ASSIGNMENT: Every line of the material is to be quoted verbatim, minus the pictures.

SUPPLIED INFORMATION:
*****

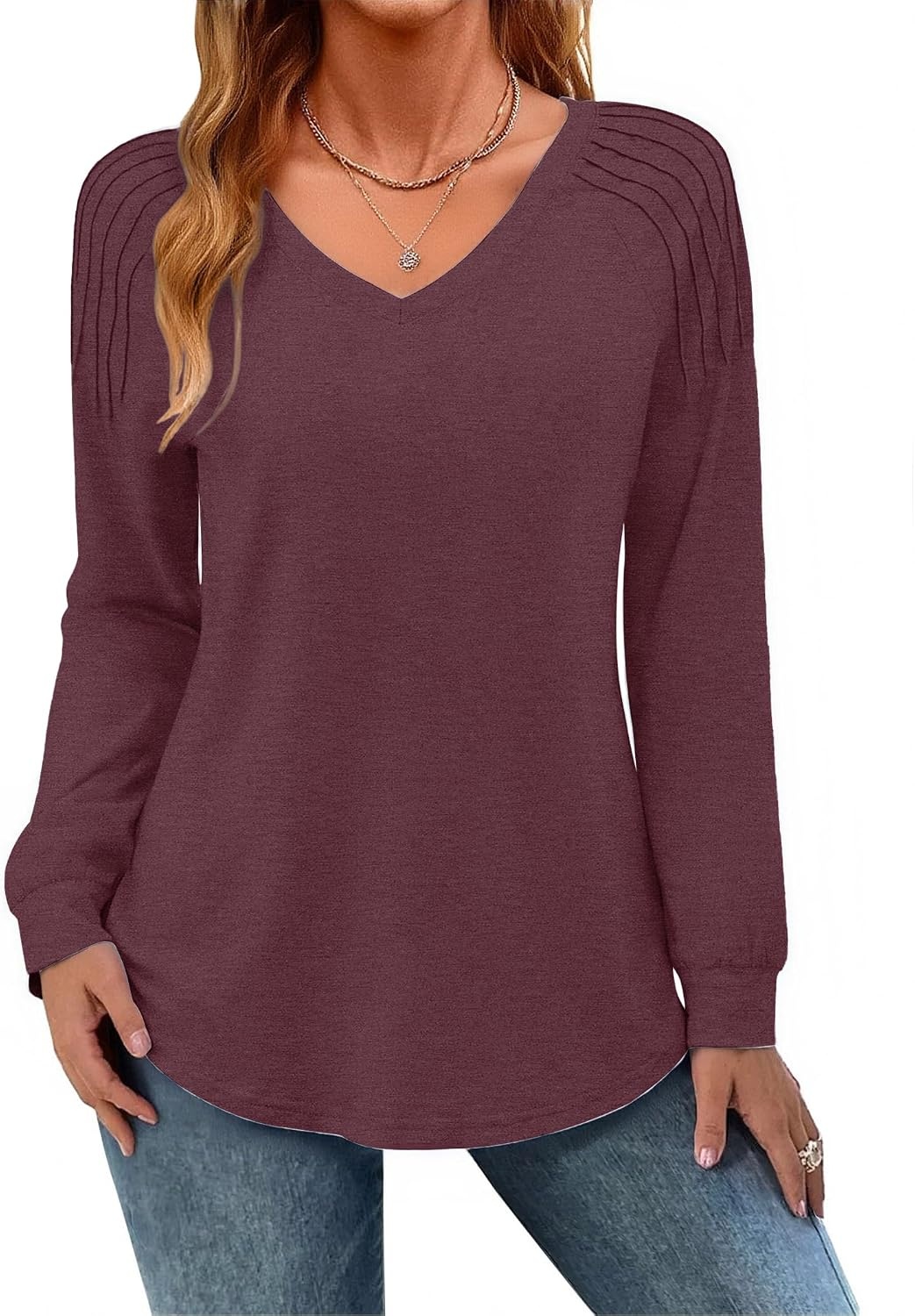 image:imageZeagoo Womens Long Sleeve Tops V Neck Pleated Shirts Dressy Casual Blouses Fall Fashion Tunic Clothes 2026 TShirtsDeep Red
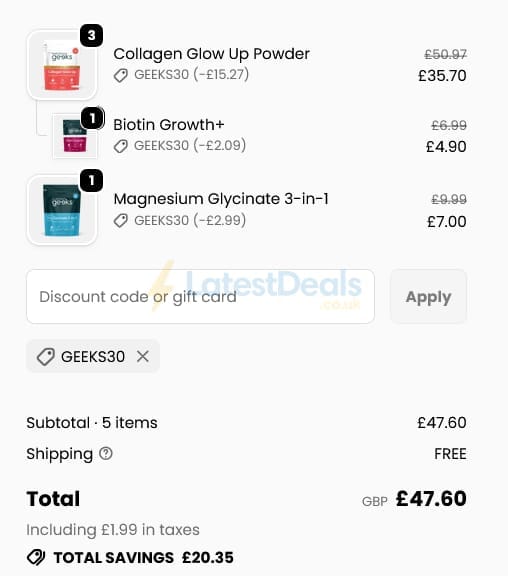 Screenshot of the Nutrition Geeks discount code working
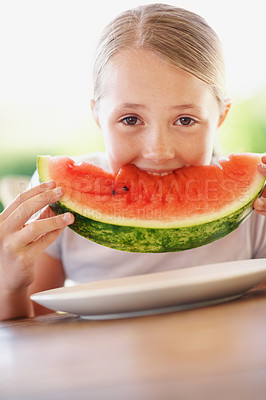 Buy stock photo Watermelon, eating and portrait with girl outdoor of house for summer, calm and holiday. Fourth of July, food and relax with child and fruit in backyard of home for vacation, nutrition and snack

*****

TASK RESPONSE:
 image:imageZeagoo Womens Long Sleeve Tops V Neck Pleated Shirts Dressy Casual Blouses Fall Fashion Tunic Clothes 2026 TShirtsDeep Red
 Screenshot of the Nutrition Geeks discount code working
 Buy stock photo Watermelon, eating and portrait with girl outdoor of house for summer, calm and holiday. Fourth of July, food and relax with child and fruit in backyard of home for vacation, nutrition and snack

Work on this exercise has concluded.